Synthetic cannabis may increase risk of stroke in young users

LONDON — A strange medical incident involving a 25-year-old prison inmate preceded new warnings against synthetic cannabis, including some more common varieties known as “spice” or “k2.” Researchers believe the dangerous drugs could potentially lead to strokes in young adults who use them.

A group of doctors in Buffalo, New York point specifically to the case of the stricken inmate. Prison guards found the man collapsed on a bathroom floor with a “suspicious” substance by his side that the guards thought was synthetic cannabis. They rushed the inmate to the emergency room while he was in a state of confusion and experiencing numbness on the right side of his body. The inmate had several episodes of confusion after using synthetic cannabis before.

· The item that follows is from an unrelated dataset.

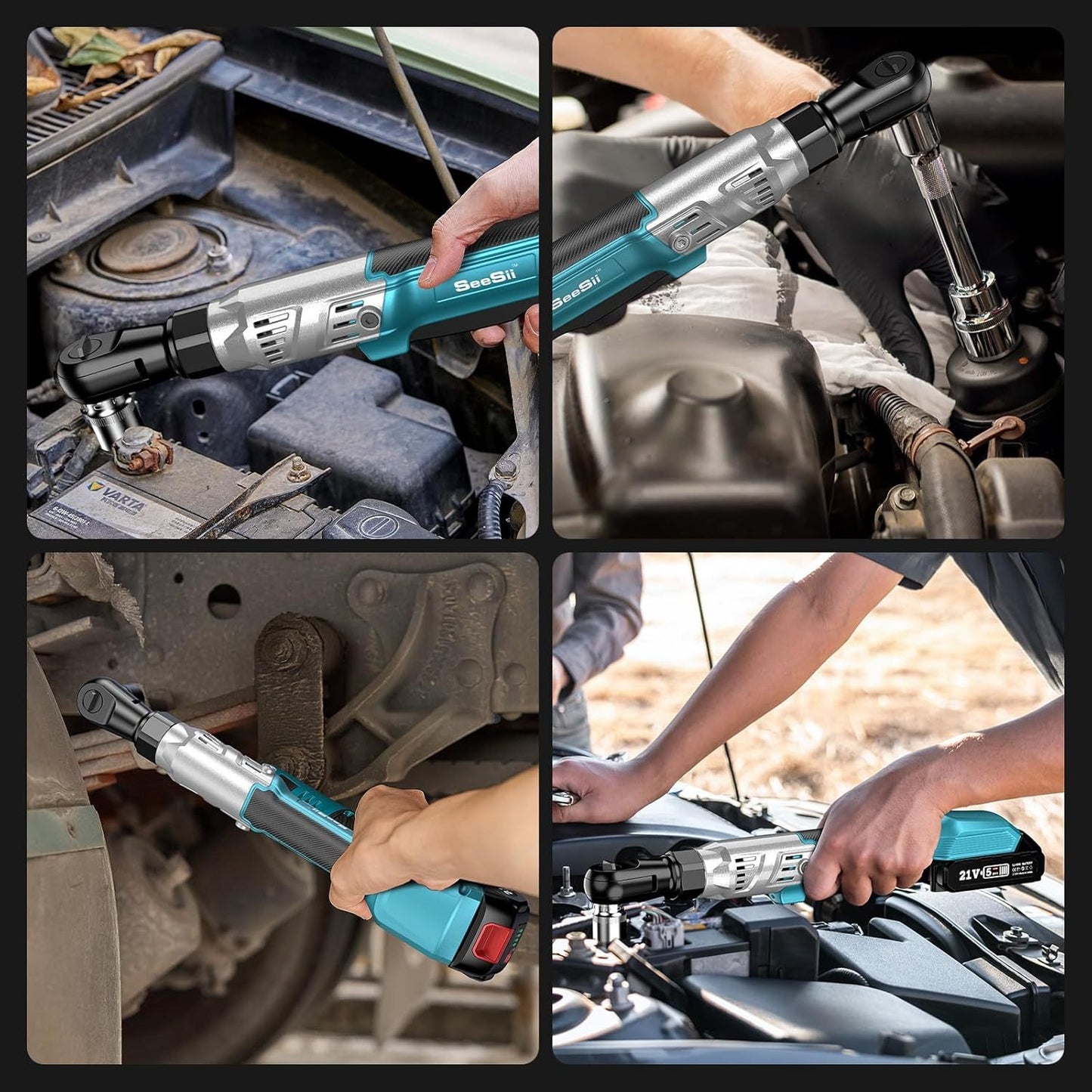 Seesii Cordless Ratchet 3/ 8", 90N.m 200RPM, 200RPM Power Ratchet Wrench 90N.m, 2 x 2.0A Batteries & Charger, Variable Speed Trigger, 8 Sockets, 1/ 4" & 1/ 2" Adapter, 3" Extension Bar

Scans revealed an extensive stroke area and swelling in the brain. A heart trace scan found evidence of a previous heart attack, despite tests for normal cardiovascular problems showing normal stroke and heart attack risks. The authors note that the inmate smoked for five years, but had quit two years prior to the incident.

The inmate was treated for future stroke prevention and heart failure, but despite physiotherapy, he remained weak and uncoordinated on the right side of his body, a disability that he suffers from today. Both the stroke and heart attack were linked to the inmate’s use of synthetic cannabis.

The doctors studying this incident noted in their writeup that this was only one case and that hard medical evidence cannot be drawn from it, but they also point out that synthetic cannabis has caused cardiovascular problems in people before. It has been linked to heart arrhythmia, chest pain, low blood pressure, fainting, and inflamed hands and feet veins.

“The development of immunoassays aimed at detecting these drugs in serum or urine will also help in stratifying the population at risk. However, the diversity among different drugs under this common umbrella of ‘synthetic marijuana’ will remain a barrier to successful testing of all chemicals with a single battery of tests,” the researchers wrote.

The full case study and analysis was published June 7, 2018 in the journal BMJ Case Reports.